Right now, the AVX512 registers are split in many different fields:
xmm_regs for the low 128 bits of the first 16 registers, ymmh_regs
for the next 128 bits of the same first 16 registers, zmmh_regs
for the next 256 bits of the same first 16 registers, and finally
hi16_zmm_regs for the full 512 bits of the second 16 bit registers.

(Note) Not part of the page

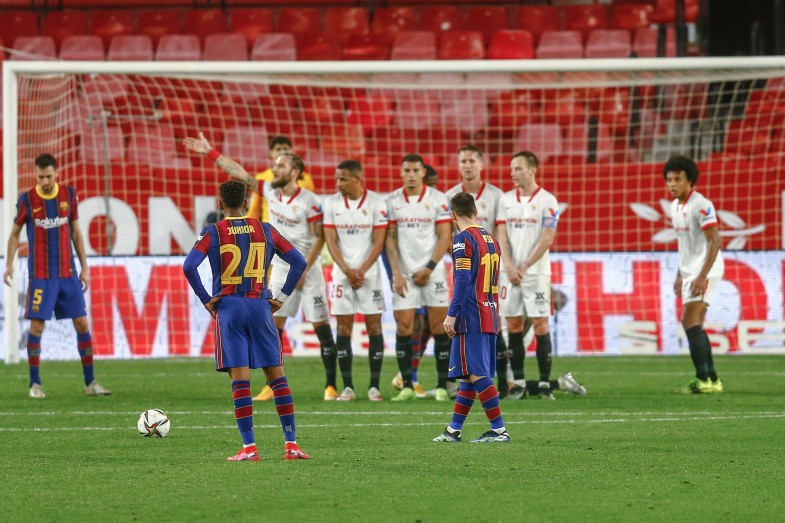 Le Barça alimente la polémique sur le penalty non sifflé sur Jordi Alba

This makes it simple to move data in and out of the xsave region,
but would be a nightmare for a hypothetical TCG implementation and
leads to a proliferation of [XYZ]MM_[BWLSQD] macros.  Instead,
this patch marshals data manually from the xsave region to a single
32x512-bit array, simplifying the macro jungle and clarifying which
bits are in which vmstate subsection.

The migration format is unaffected.

Signed-off-by: Paolo Bonzini <pbonzini@redhat.com>
---
 target-i386/cpu.h     | 68 ++++++---------------------------------------------
 target-i386/kvm.c     | 40 ++++++++++++++++++------------
 target-i386/machine.c | 55 ++++++++++++++++++++---------------------
 3 files changed, 59 insertions(+), 104 deletions(-)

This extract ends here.